TASK GOAL:
Copy down every line of the data that follows exactly. Omit the pictures.

DATASET EXCERPT:
[Start of section]

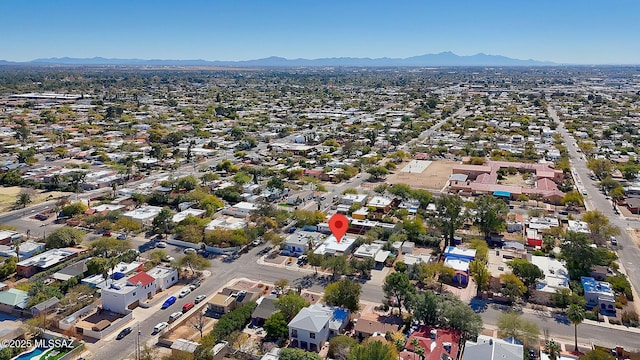 birds eye view of property featuring a mountain view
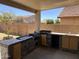 Covered patio featuring an outdoor kitchen with stone accents and a built-in grill and sink at 10347 W Odeum Ln, Tolleson, AZ 85353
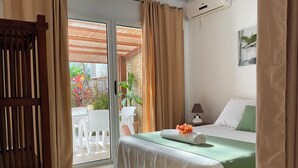 A hotel room with a bed, a table with chairs, a lamp, and a view of the outdoors. - Bungalow, 10-minute walk from Etang-Salé les Bains beach, sleeps 2 to 4. (L'Étang-Salé)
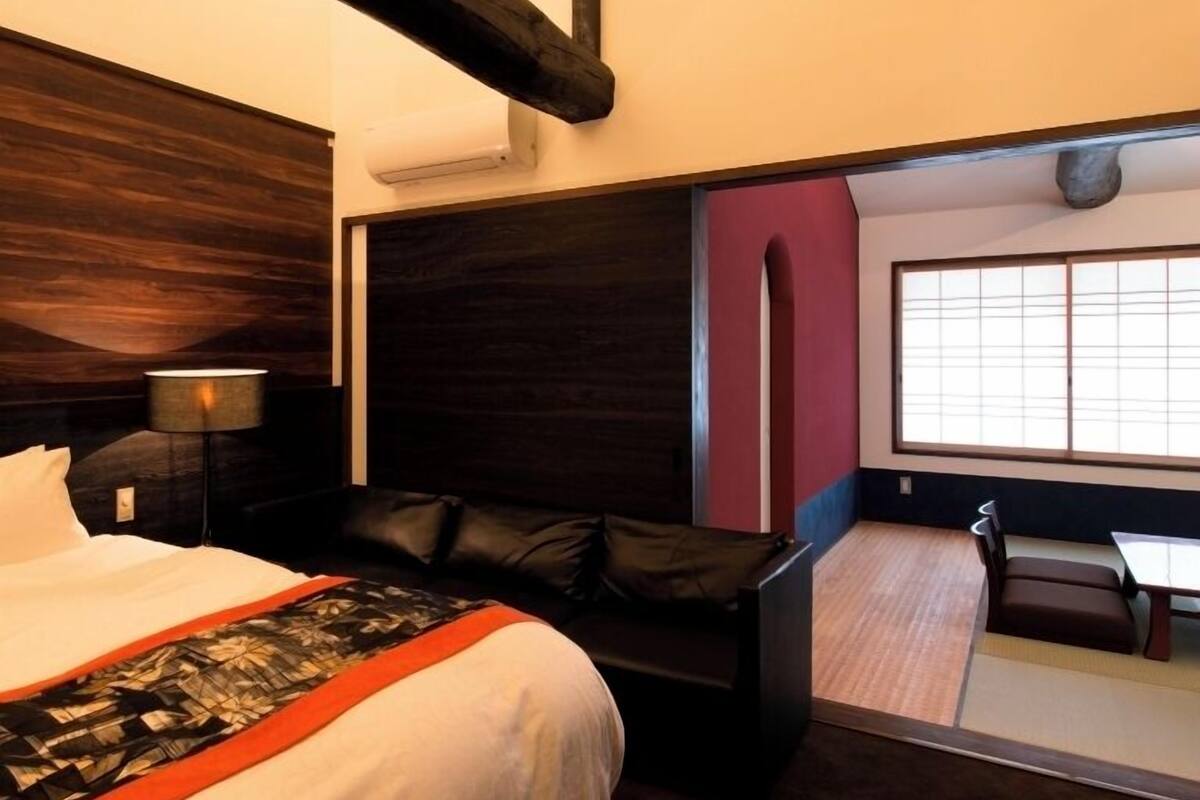 A hotel room with a large bed, a desk, a chair, a sofa, and a view of a traditional Japanese room.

[End of section]

EXERCISE SOLUTION:
 birds eye view of property featuring a mountain view
 Covered patio featuring an outdoor kitchen with stone accents and a built-in grill and sink at 10347 W Odeum Ln, Tolleson, AZ 85353
 A hotel room with a bed, a table with chairs, a lamp, and a view of the outdoors. - Bungalow, 10-minute walk from Etang-Salé les Bains beach, sleeps 2 to 4. (L'Étang-Salé)
 A hotel room with a large bed, a desk, a chair, a sofa, and a view of a traditional Japanese room.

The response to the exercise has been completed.